Gelen övgüyü şefkatle kabullenip, içselleştirmek üzerine okumalar yapıyorum son zamanlarda, arayıp bulmak değil benimkisi, karşıma çıkıyor. Söylenen iltifatlar karşılığında, o senin güzelliğin  mütevazi tavrının yanı sıra, evet bu benim güzelliğim, bu güzellik bende doğuştan var, bu güzellik için çabaladım, bu güzellik için bedel ödedim, bu güzellik benim diyebilmek gerekliymiş, ben de öğreniyorum. Bu noktada hakkını teslim etmem gerekenlere özel teşekkürlerimi sunmak için bundan daha iyi bir fırsat olamaz diye düşünüyorum. 

"İfadene.. ifadendeki akıcılığa... Anlatışındaki gerçekçiliğe..."
"Vaaooovvvvv! dedim:) Bir kez daha..."
"Bir de doyumsuz betimlemelerini okumayı, yazılarını."
"Yine döktürmüşsün."
"Kalemin dert görmesin ve sen hep yaz."
"Her zamanki gibi çok etkileyiciydi."

Bu güzel ve destekleyici ifadeleri ve benzerlerini  özellikle blog yazmaya başladığımdan beri sıklıkla duyuyorum, bu ifadelerden bazıları bugün hayatta olmayan ama hayatıma değdiği için hep mutlulukla ve gözlerim parlayarak anımsadığım kişilere ait,  bazıları ilk blog yazmaya başladığımdan beri yakınlıklar kurduğum blog yazan kişilere, bazıları çok çok kıymetlim, dostum olanlara ait. Bugün bir kez daha fark ettim ki, pek çok yazımı değer verip okuyan, destekleyici ifadeleri ile perilerimin kanatlarını okşayan bu kişilere yeterince içtenlikli teşekkür sunamamışım. 
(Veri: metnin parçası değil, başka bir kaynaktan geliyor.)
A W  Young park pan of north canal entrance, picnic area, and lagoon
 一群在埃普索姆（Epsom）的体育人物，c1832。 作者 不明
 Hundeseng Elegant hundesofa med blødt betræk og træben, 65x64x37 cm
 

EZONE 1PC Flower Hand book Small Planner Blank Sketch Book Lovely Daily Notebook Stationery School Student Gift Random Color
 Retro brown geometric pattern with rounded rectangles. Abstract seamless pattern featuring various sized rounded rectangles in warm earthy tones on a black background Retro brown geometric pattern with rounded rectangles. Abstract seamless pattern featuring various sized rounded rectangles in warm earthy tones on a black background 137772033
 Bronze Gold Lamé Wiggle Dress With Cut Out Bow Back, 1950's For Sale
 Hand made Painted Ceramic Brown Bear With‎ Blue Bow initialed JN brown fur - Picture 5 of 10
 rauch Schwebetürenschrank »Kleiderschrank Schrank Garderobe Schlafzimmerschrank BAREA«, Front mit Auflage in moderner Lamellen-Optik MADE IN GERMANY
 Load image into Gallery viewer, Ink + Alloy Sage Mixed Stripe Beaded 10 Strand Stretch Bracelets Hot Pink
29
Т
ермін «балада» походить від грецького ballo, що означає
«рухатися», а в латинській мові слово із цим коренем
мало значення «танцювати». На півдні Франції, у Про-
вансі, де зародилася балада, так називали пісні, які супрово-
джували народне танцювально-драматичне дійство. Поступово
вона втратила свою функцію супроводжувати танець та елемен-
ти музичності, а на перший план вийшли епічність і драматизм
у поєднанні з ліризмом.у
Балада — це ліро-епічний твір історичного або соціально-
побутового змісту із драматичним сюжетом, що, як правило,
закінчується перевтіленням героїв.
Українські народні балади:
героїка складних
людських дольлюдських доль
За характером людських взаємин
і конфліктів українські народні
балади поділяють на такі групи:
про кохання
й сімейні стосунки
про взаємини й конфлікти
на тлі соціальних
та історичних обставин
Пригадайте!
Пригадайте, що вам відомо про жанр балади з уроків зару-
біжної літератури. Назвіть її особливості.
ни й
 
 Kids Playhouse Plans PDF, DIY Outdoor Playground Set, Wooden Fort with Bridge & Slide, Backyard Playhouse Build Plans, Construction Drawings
Momentos'a seneler evvelden kıymetini gösteremediğim yazım aracılığı ile bana tüm bunları hatırlatıp, kelimelerime kıymet verenleri anma şansı tanıdığı için bir kez daha teşekkür ederim. 

Sesin,  emeğin dert görmesin sevgili Sezer Özşen.


***

Fotoğraf: 27 Mart 2022 - Tarlada. Gün ağarırken omuzlarına kırağı düşen ballı baba.

 




 

18 Mart 2022

3 Uzun Cümlelik İtiraf







Seni sevdiğimi söylemiş miydim, seni yani, adını mesela, görmediğim şehrini, içinden sen geçen nehirleri, denizleri, yolları, sabahları uyandığında yanağını okşayan, o usul usul esen sabah rüzgârını, sen olan her yeri, o kafeyi mesela, meyhaneyi, içinden sen geçen şehirleri, sokakları, kadınları ve adamları, tren yolculuğunu, ortancalı bahçeyi, seni sevdiğimi söylemiş miydim, seni yani.

Seneler sonra öğrendim, içinden sen geçen kalbimi sevmeyi, şimdi ne zaman düşsen aklıma, kalbime sarılıp oradan bakıyorum hayata, öyle güzel ki yaşadığım şehir, sevmediğim yıllara şaşıyorum, adımı mesela, adımı seviyorum biliyor musun, dünyayı kucaklayasım geliyor duyduğum her seferinde, içimden geçiyor ne kadar nehir, deniz, yol varsa, gökyüzü doluyor içime, denizler taşıyor yüreğimden, sen oluyorum durup dururken, seviyorum yaşamayı hiç bıkmamış gibi o yokuşlardan.

Sabahları uyandığımda yanağımı tokatlayan o sert rüzgarlar ılık meltemlere bıraktı yerini, köşedeki kahveyi ve sokak arasında her daim çalgı çengiden sohbet bile edilemeyen o meyhaneyi, içinden geçtiğim tüm şehirleri, sokakları, adamları ve kadınları, balkondaki sardunyayı, limon otunu ve hercaiyi, susuz rakıyı, leblebiyi ve lakerdayı, anlayacağın seviyorum yaşamayı hiç gözyaşım gözyaşına değmemiş gibi.